It's well understood the article needs to be eventually written into prose, and at present its "just" a very well referenced and organized outline. Would welcome expert content writers and editors to work on specific sections, especially after the investigations are closed (and the content in those areas is therefore reasonably stable). There have been some great editors working on this so far - about 57 at last count. Nearly all have made outstanding contributions.

For example, the OCC and Fed investigations are pretty much over (except there is some rumor that FINES will be levied, as early as this week.) Those sections, when stable could be finalized into prose describing what was found, what laws, rules and regulations were violated, and what the company did about it, or what the fines or consequences were.

As the regulatory agencies each wrap up they work, that section could be finalized and extraneous material could be intelligently removed. Additional information will likely be needed where there are gaps. There is a huge need to cross reference to other wikipedia pages.
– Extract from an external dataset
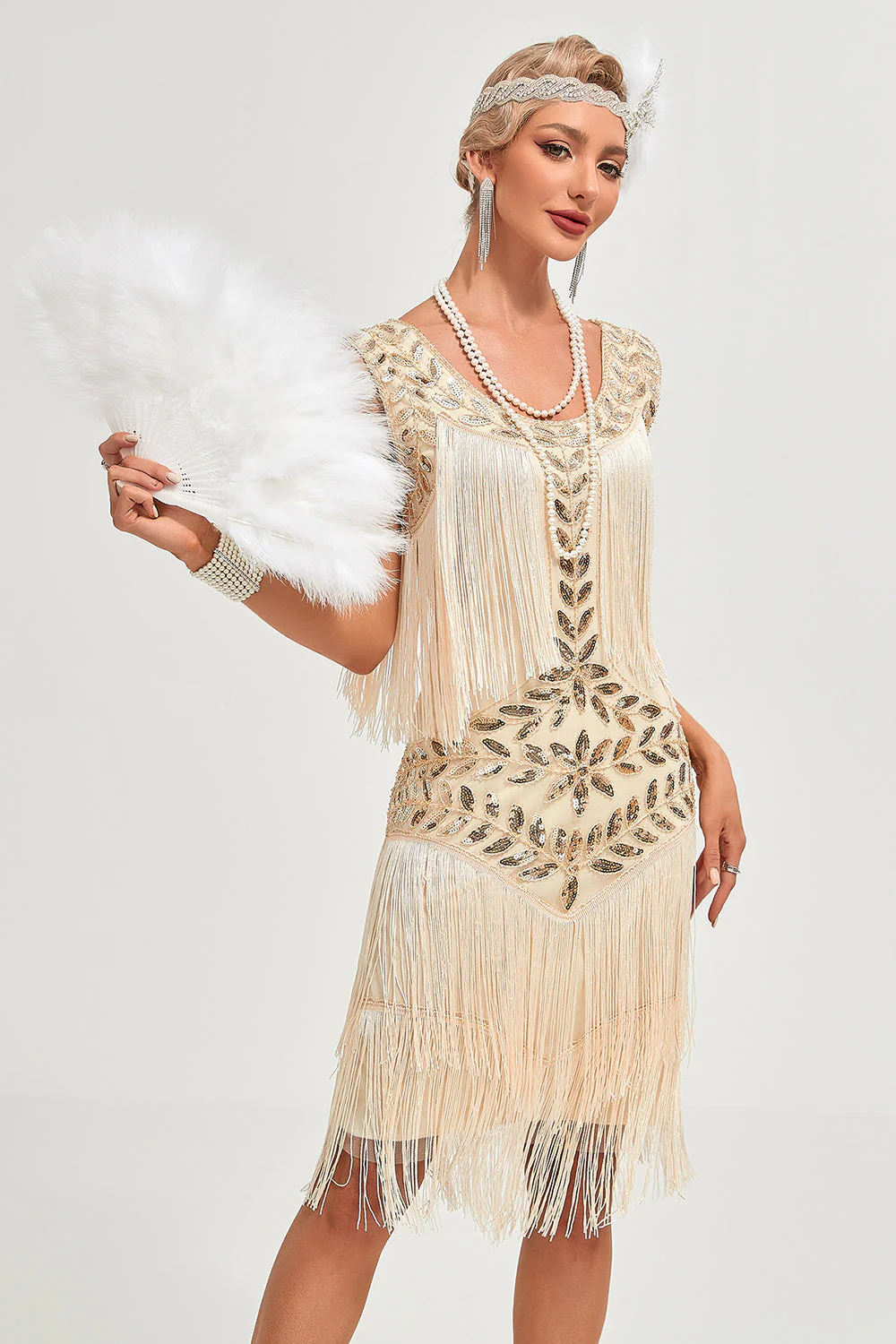 Brokat Szampan Cekiny Frędzle Sukienka Lata 20 Wielki Gatsby Z Zestawem Akcesoriów - Image 5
To date the page stats on this article are extremely positive, bringing into question the "low" importance rating. Having the content here is obviously helpful to many, many active users, many of whom are extremely technical. Those users (comprising the majority of the readers of this particular article) are not interested in fluff and oversimplified generalities.

The questions raised with this case, and addressed legally in considerable detail by many diverse regulators, generate a great deal of information. What's at stake is how the U.S. and others regulate (or fail to regulate) large, systemically important banks. The failure of which caused the 2008- recession and a great deal of pain worldwide. Money, politics, influence, rules, fraud, manipulation of markets, law, accounting, billion dollar fines, man years consumed in the regulatory response, punishment and deterrence are all part of the program.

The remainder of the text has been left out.